___ Given records ___

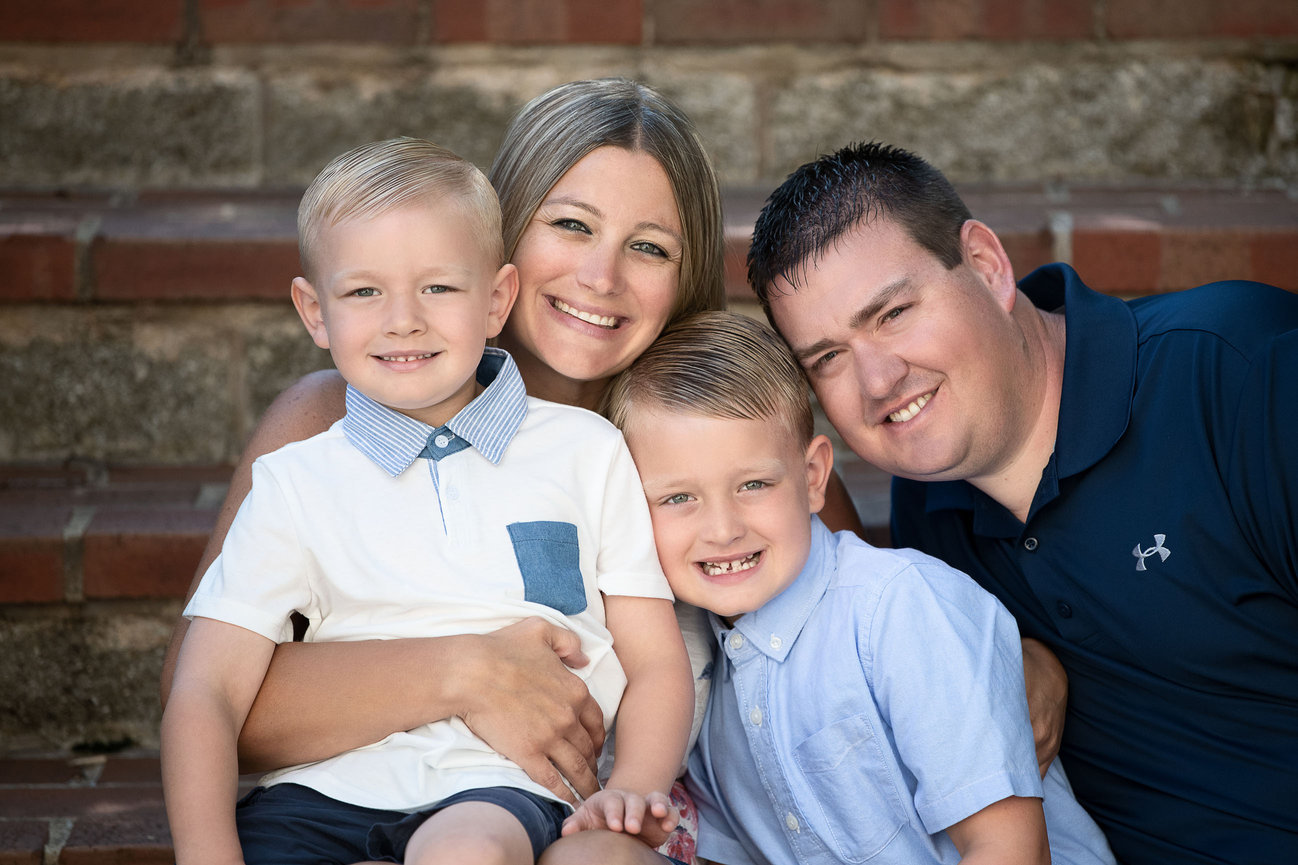 Captured by a Streamwood photographer, a family of four sits smiling on brick steps. The mother with long hair and the father are behind their young boys, who sport collared shirts and short hair.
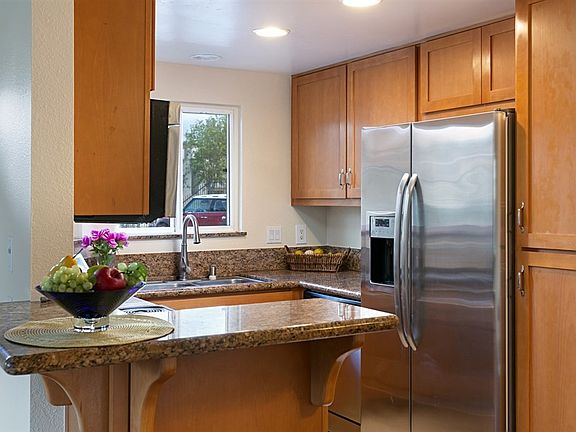 The kitchen boasts granite counters, maple cabinets, stainless steel appliances, and a breakfast bar!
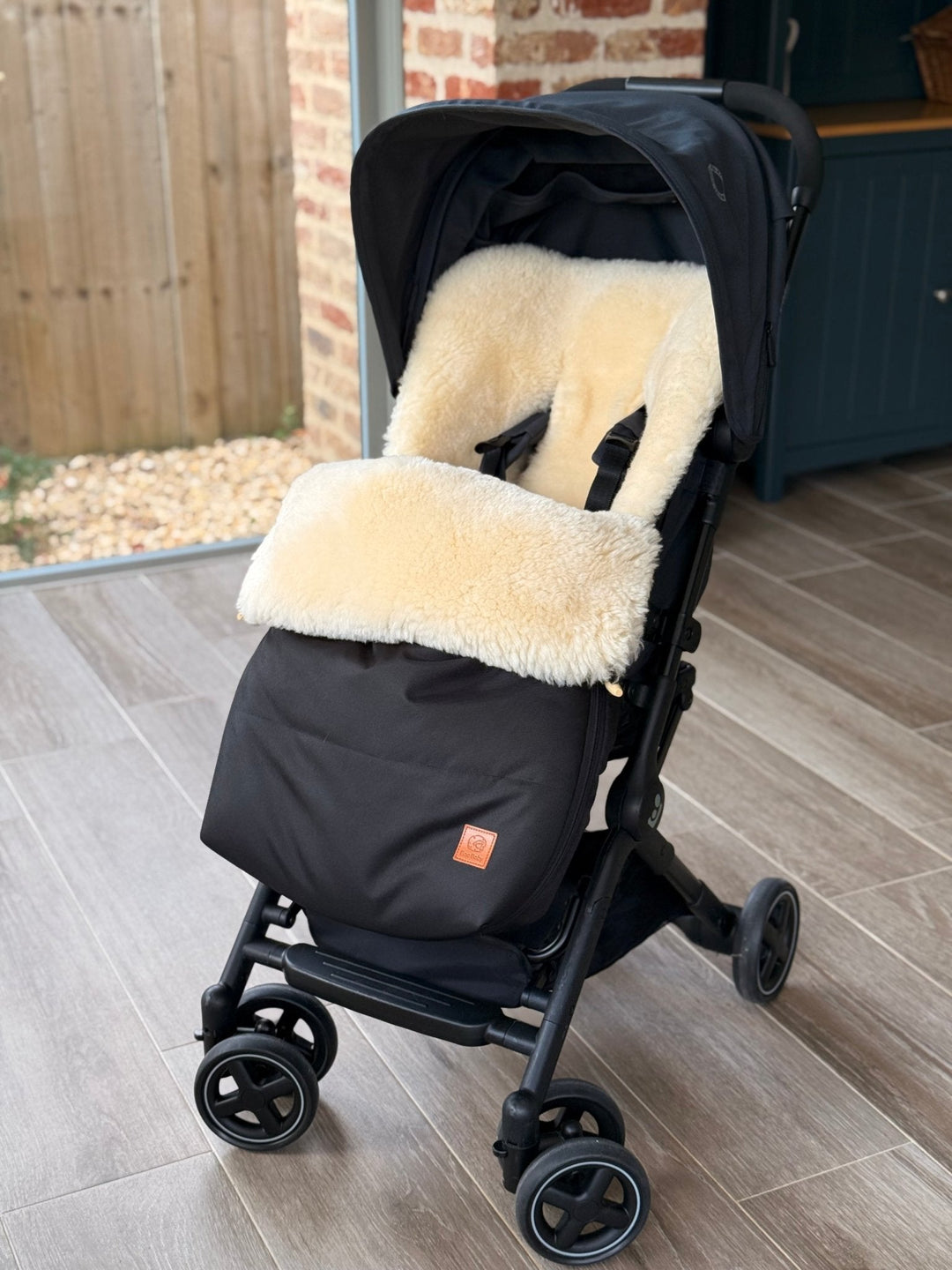 Sheepskin pram footmuff for the maxi cosi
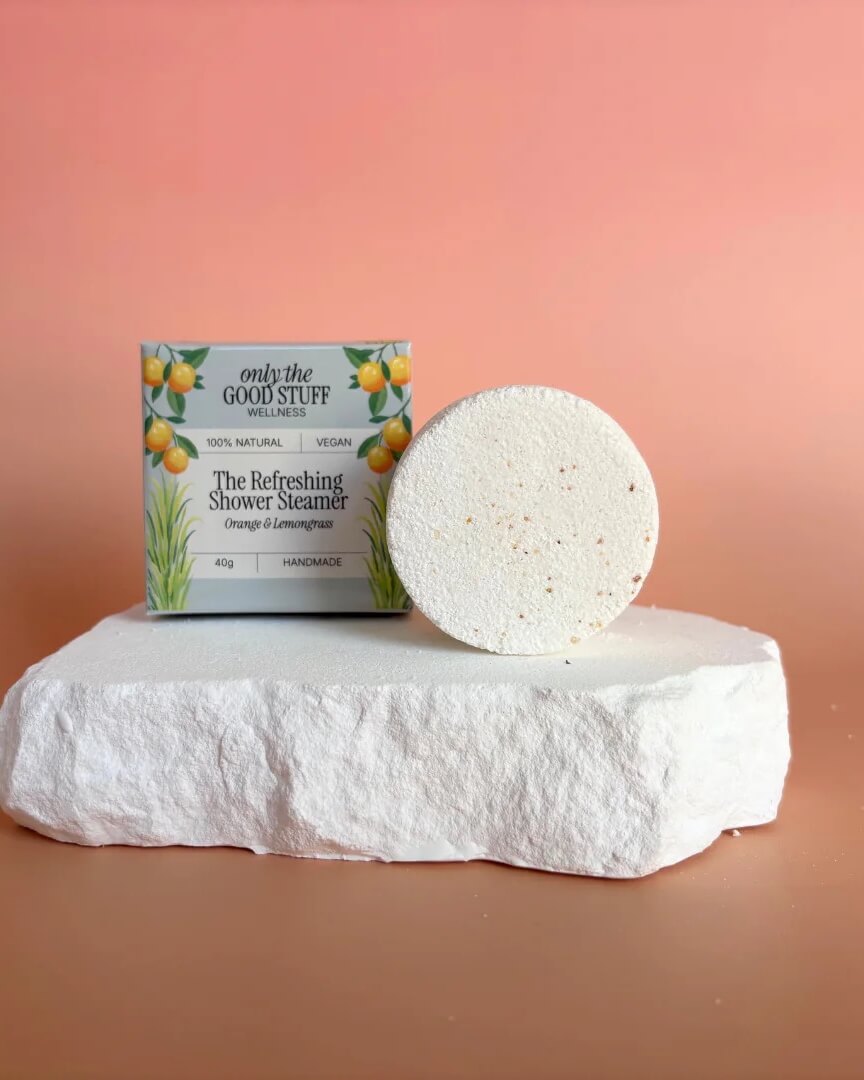 Handmade Refreshing Shower Steamer with orange and lemongrass essential oils in eco-friendly packaging.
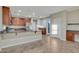 Well-lit kitchen features granite countertops, stainless steel appliances, and a door to the outside at 15635 W Montecito Ave, Goodyear, AZ 85395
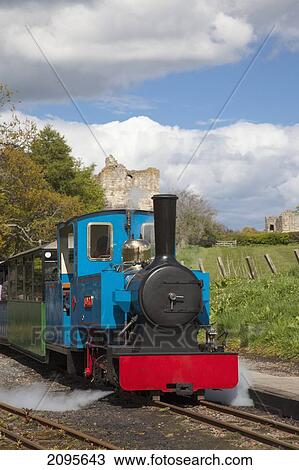 A Train Traveling On The Tracks; Etal Northumberland England View Large Photo Image Stock Image - A Train Traveling On The Tracks; Etal Northumberland England. Fotosearch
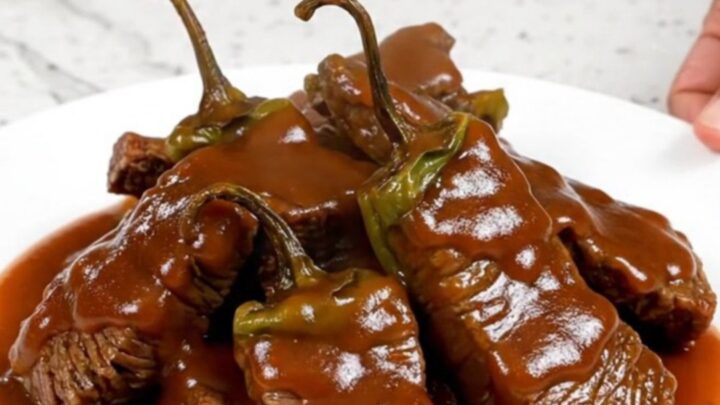 A bowl of Crockpot Sriracha Honey Beef Tips with peppers and a thick glaze.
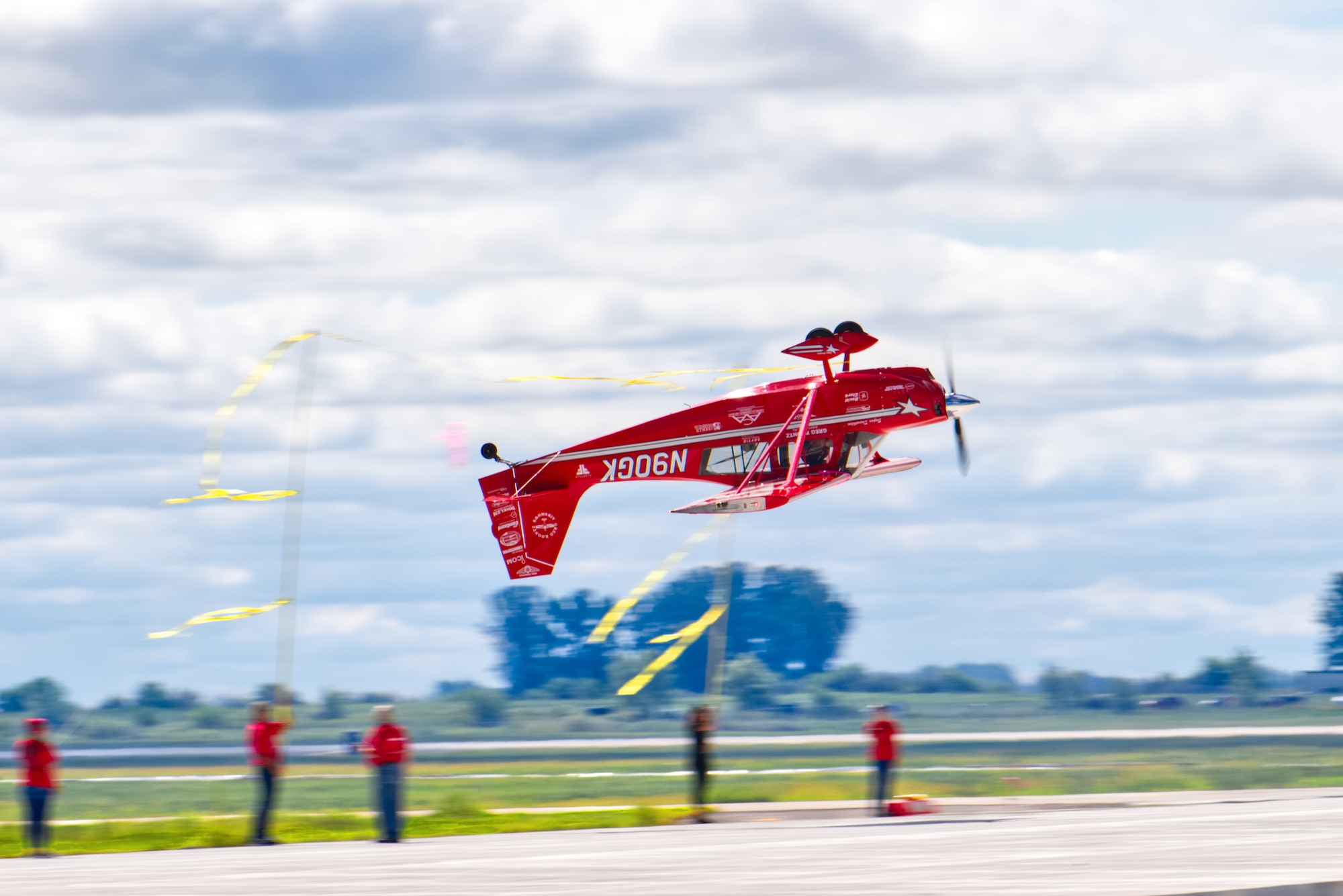 An American Champion 8KCAB Decathlon performs aerial acrobatics in front of an audience at the 2019 Grissom Air & Space Expo. With an estimated crowd of over 50,000, it was Grissom's first air show in over 15 years.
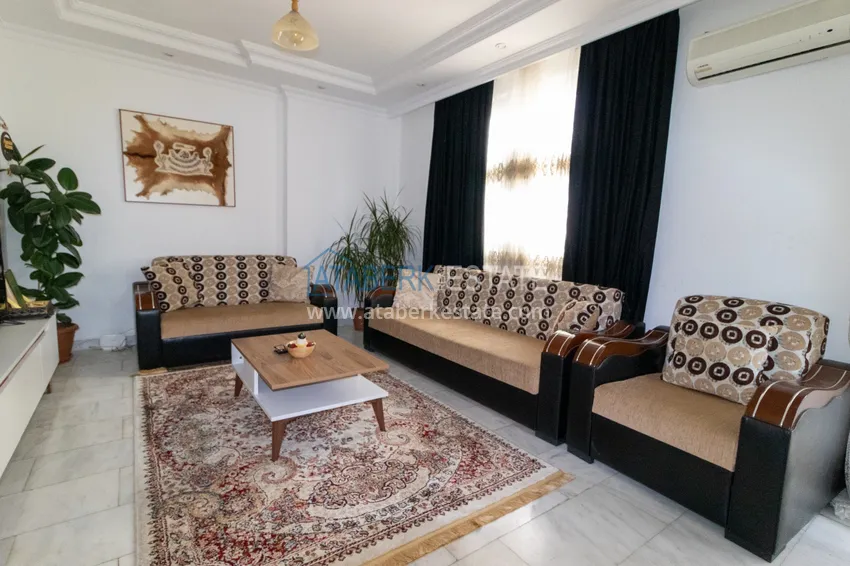 Приобрести Квартира с мебелью и частичным видом на море в Махмутларе 3 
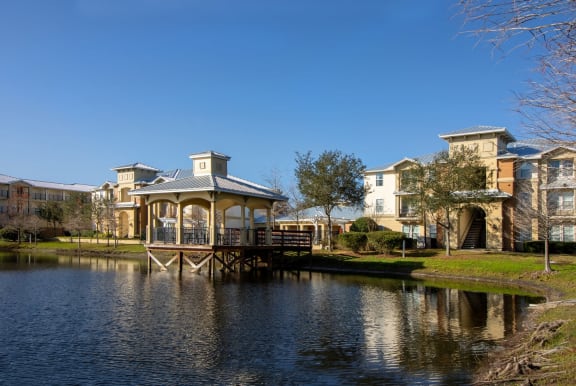 a gazebo in the middle of a pond with apartments in the background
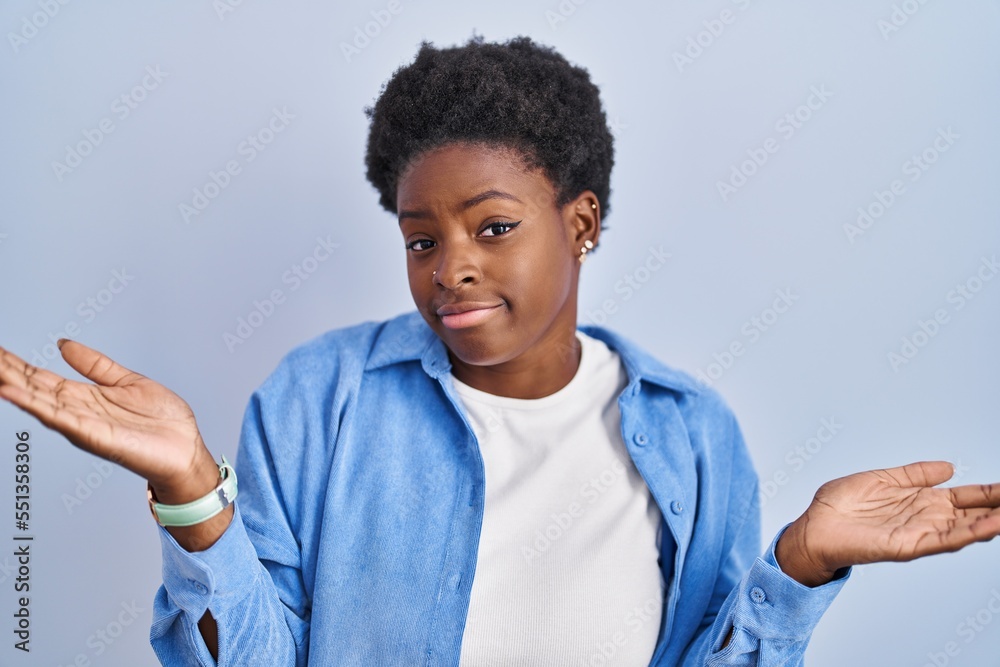 Sticker African american woman standing over blue background clueless and confused expression with arms and hands raised. doubt concept.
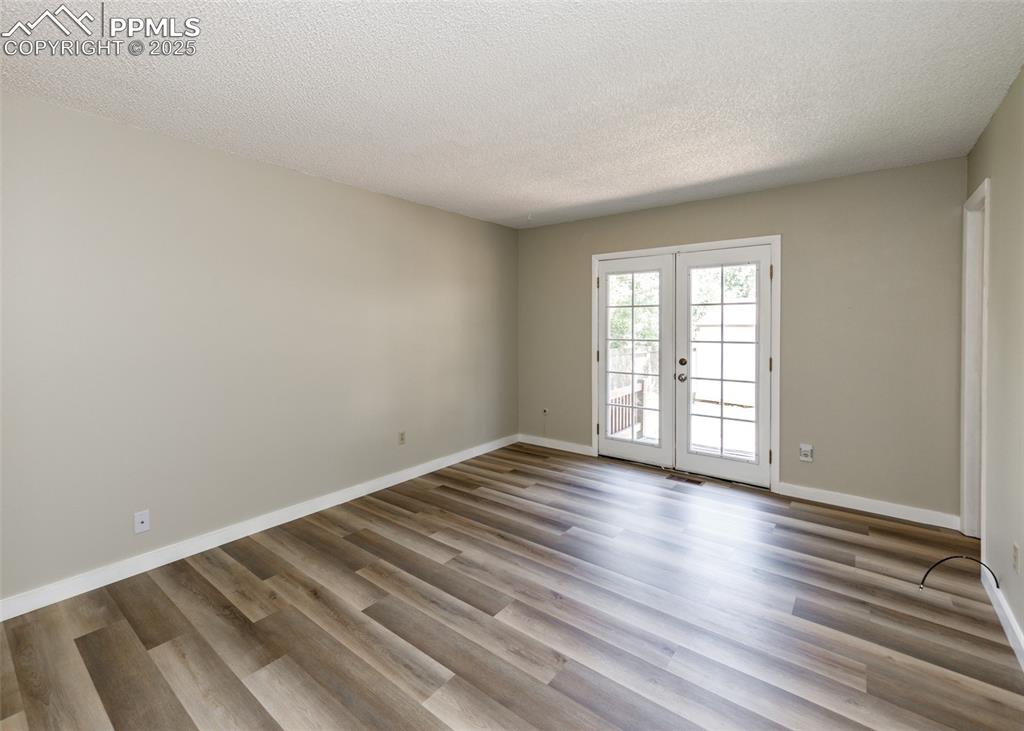 Image 32 of 48: Unfurnished room featuring french doors, wood finished floors, and a textur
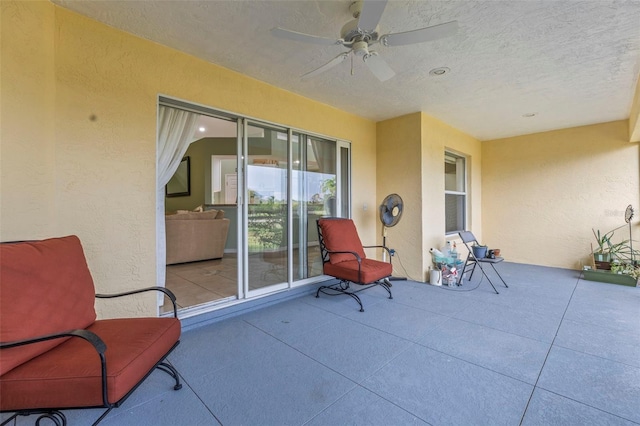 view of patio / terrace featuring a ceiling fan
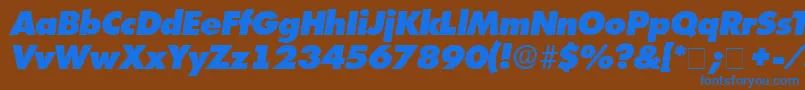 Więcej informacji o czcionce IsomarDisplayExpandedSsiExpandedItalic Czcionka IsomarDisplayExpandedSsiExpandedItalic – niebieskie czcionki na brązowym tle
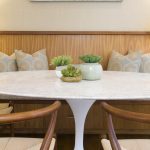 Interior Design Redondo Beach white marble tulip table dining room with wooden banquette and wishbone chairs. Manhattan Beach modern coastal home.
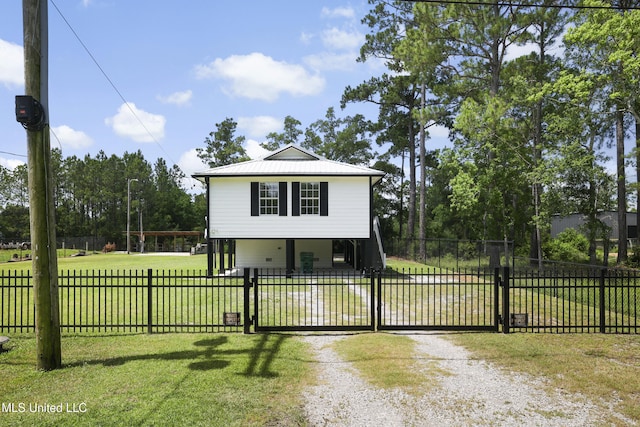 5061 1st Ave, Bay Saint Louis, MS 39520 - view of front of property with a gate, driveway, and metal roof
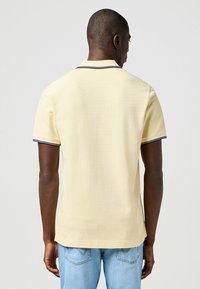 Polohemd aus weichem, gelbem Baumwollstoff mit einem klassischen Kragen, kurzen Ärmeln und dunkelblauen Akzenten am Kragen und an den Manschetten. Einfaches Design, entspannter Schnitt.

___

Leave out the pictures, and retype exactly the lines from the one containing "A bowl of Crockpot" through the last line of the data above, no more and no less.

 A bowl of Crockpot Sriracha Honey Beef Tips with peppers and a thick glaze.
 An American Champion 8KCAB Decathlon performs aerial acrobatics in front of an audience at the 2019 Grissom Air & Space Expo. With an estimated crowd of over 50,000, it was Grissom's first air show in over 15 years.
 Приобрести Квартира с мебелью и частичным видом на море в Махмутларе 3 
 a gazebo in the middle of a pond with apartments in the background
 Sticker African american woman standing over blue background clueless and confused expression with arms and hands raised. doubt concept.
 Image 32 of 48: Unfurnished room featuring french doors, wood finished floors, and a textur
 view of patio / terrace featuring a ceiling fan
 Więcej informacji o czcionce IsomarDisplayExpandedSsiExpandedItalic Czcionka IsomarDisplayExpandedSsiExpandedItalic – niebieskie czcionki na brązowym tle
 Interior Design Redondo Beach white marble tulip table dining room with wooden banquette and wishbone chairs. Manhattan Beach modern coastal home.
 5061 1st Ave, Bay Saint Louis, MS 39520 - view of front of property with a gate, driveway, and metal roof
 Polohemd aus weichem, gelbem Baumwollstoff mit einem klassischen Kragen, kurzen Ärmeln und dunkelblauen Akzenten am Kragen und an den Manschetten. Einfaches Design, entspannter Schnitt.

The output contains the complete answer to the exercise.